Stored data

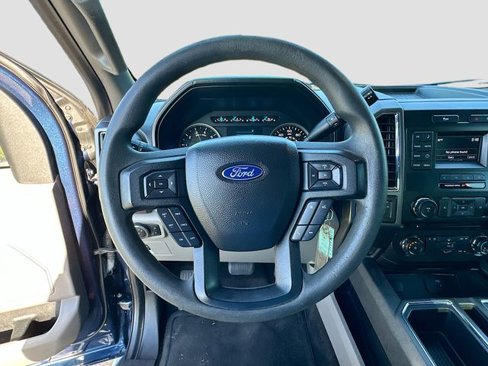 Used 2016 Ford F150 XLT image 11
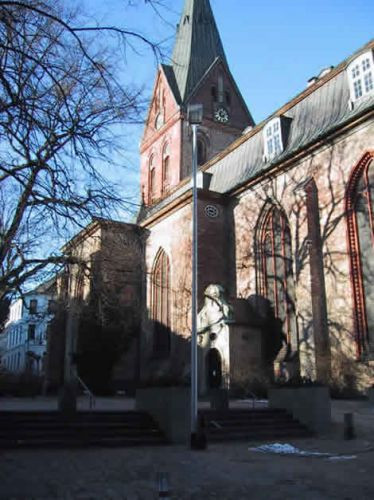 Zijkant van de St. Marienkirche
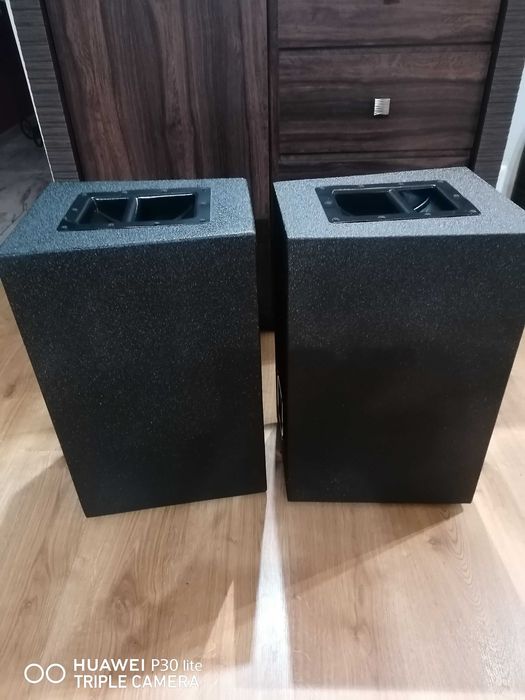 Sprzedam obudowy 10" + driver 1,4 /2  Na innej aukcji głośnik Eminence
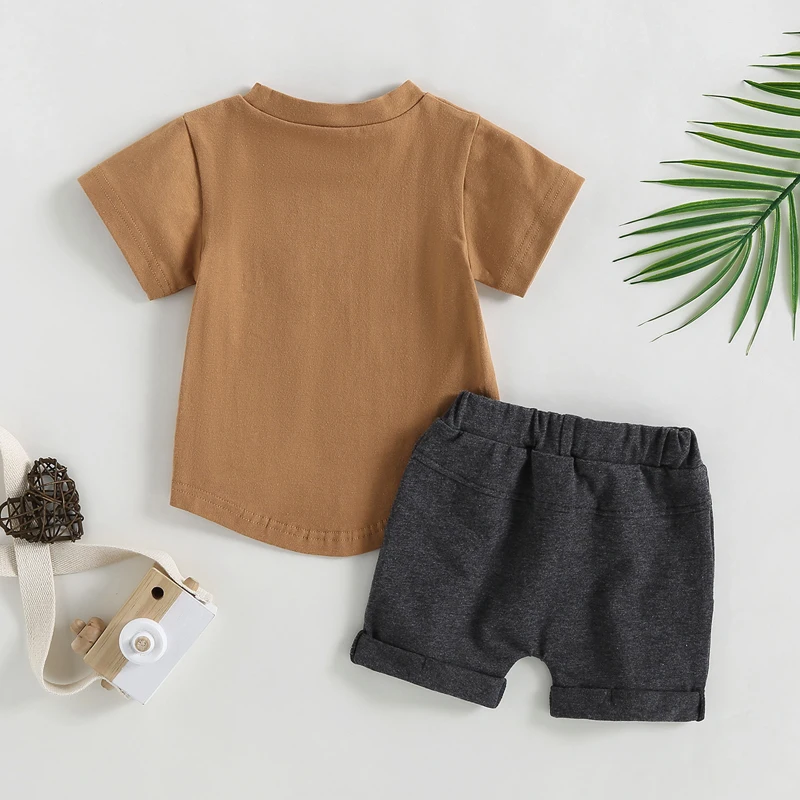 Комплект из топа с коротким рукавом круглым вырезом и эластичных шортов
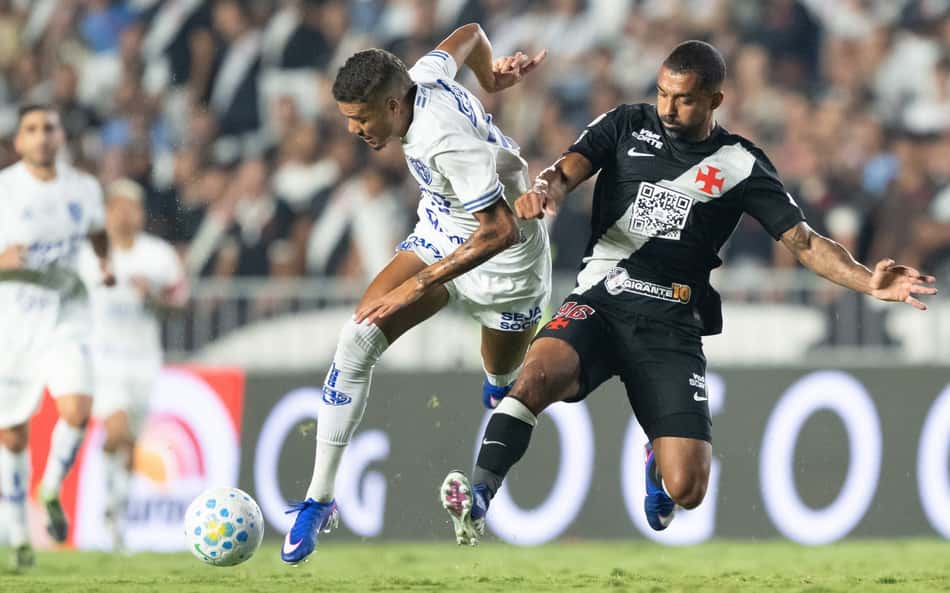 Após empate do Vasco, Paulo Henrique minimiza lesão e deixa São Januário andando sem auxílio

**Task brief:**
Pictures are to be dropped, and every record is to be copied exactly.

**Exercise solution:**
 Used 2016 Ford F150 XLT image 11
 Zijkant van de St. Marienkirche
 Sprzedam obudowy 10" + driver 1,4 /2  Na innej aukcji głośnik Eminence
 Комплект из топа с коротким рукавом круглым вырезом и эластичных шортов
 Após empate do Vasco, Paulo Henrique minimiza lesão e deixa São Januário andando sem auxílio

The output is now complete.